I’m visiting Myanmar at the moment, where there is some slight optimism with regards to the upcoming December/January elections. Although most opposition groups may boycott the election, there will at least be a nominally civilian government. If greater autonomy is granted to the seven states, a quazi-federal system might emerge. Senior General Min Aung Hliang has consolidated his position in the military, and provincial territory losses are gradually being reversed. Many countries, in addition to China, seem to be now accepting that his leadership is the de facto reality and renewing engagement. Even the US recently reduced sanctions and is widely rumoured to be seeking heavy rare earth deals sourced from Kachin State.

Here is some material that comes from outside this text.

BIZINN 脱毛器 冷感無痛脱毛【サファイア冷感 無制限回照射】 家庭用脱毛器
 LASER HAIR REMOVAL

It would be no surprise if Myanmar tariffs soon drop from 40% to 20%, although exports to the US are minimal. 

 

Yangon appears surprisingly prosperous, as it serves as a service centre and magnet for money generated elsewhere in the country, although in the absence of an active capital market, real estate is the primary recipient. Cement prices remain high, generating profits for remaining operators. Localized solar power and equivalent battery storage capacity is being installed across the country to address power shortages and damaged transmission lines.